A brand new pattern within the Knowledge Science and Knowledge Engineering world is the time period of “ Data Lakes “. According to Wikipedia:
A data lake is a system or repository of data stored in its natural/raw format. A data lake is usually a single store of data including raw copies of source system data, sensor data, social data etc and transformed data used for tasks such as reporting, visualization, advanced analytics and machine learning. A data lake can include structured data from relational databases, semi-structured data (CSV, logs, XML, JSON), unstructured data (emails, documents, PDFs) and binary data (images, audio, video).
Data Lakes can be considered as organic information, just like nature and this is because they can store any structure of data (structured, semi-structured and unstructured)
The main mains reasons to use a data lake are:
- To increase operational efficiency
- Make data available from departmental silos
- Lower transactional costs
- Offload capacity from databases and warehouses
- Store data without thinking about its structure
The main characteristics of the data lakes are:
- There are data agnostic meaning that are not limited to store just one data type. This is a main difference with the data warehouses where they expected structured data.
- There are “future proof” which implies that you could be not have a selected query to reply right now, but when your supervisor asks you a query sooner or later, most likely it is possible for you to to accommodate it since you’ve got the information in a uncooked format.
- They’ve two sorts of processing akin to when the method happens earlier than or whereas ingesting information and when the method happens after information has been saved like cleaning, aggregating, remodeling, merging with different datasets and so forth.

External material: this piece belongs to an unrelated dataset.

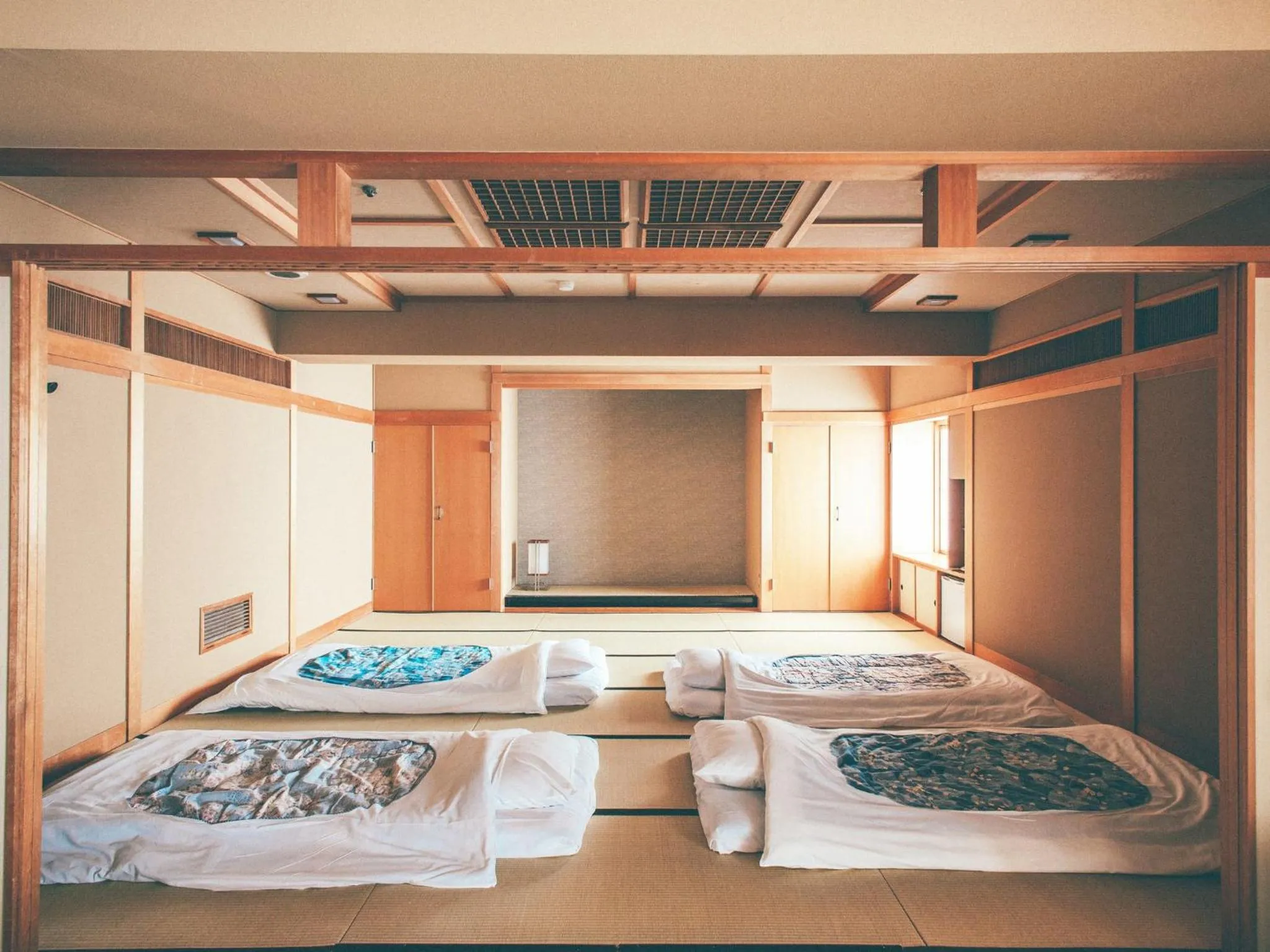 Photo of the whole room, Bed in Kanazawa Kokusai Hotel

The 4 predominant parts of the Knowledge Lakes are:
- Ingest and Retailer
- Catalog and Search
- Course of and Serve
- Defend and Safe
A information warehouse is often a database optimized to carry out analytical queries that results in insights. However as a result of it often operates as an analytical database, it’s essential create tables and outline the desk construction earlier than including your information into your information warehouse. Once you create these tables, you need to set the desk columns and information sorts, so as phrases, an information schema that usually wants data to be structured. When the schema must be populated and it must be decided earlier than you write the information, you’ve got what we name a schema-on-write structure. Though schema-on-write is nice for information normalization as a result of it will reject information that doesn’t slot in that particular format, it’s not very best for flexibility, which is the place information lakes actually shine.
Knowledge lakes are what we name schema-on-read. And that’s the primary elementary distinction between information lakes and information warehouses. Knowledge lakes can deal with unstructured information and primarily function in a schema-on-read style. Which signifies that you don’t want to concern with the information schema whereas ingesting the information to your information lake. That let you handle the schema solely when learn information for some future processing. Therefore the title schema-on-read.
One other distinction between information lakes and information warehouses is that information warehouses largely use the SQL because the language for querying. That limits what you are able to do, and a few engines even help the creation of user-defined capabilities and different functionalities to increase that a little bit bit.
Lastly, one other distinction is that whereas information warehouses work with structured information solely, information lakes work with unstructured and structured information natively.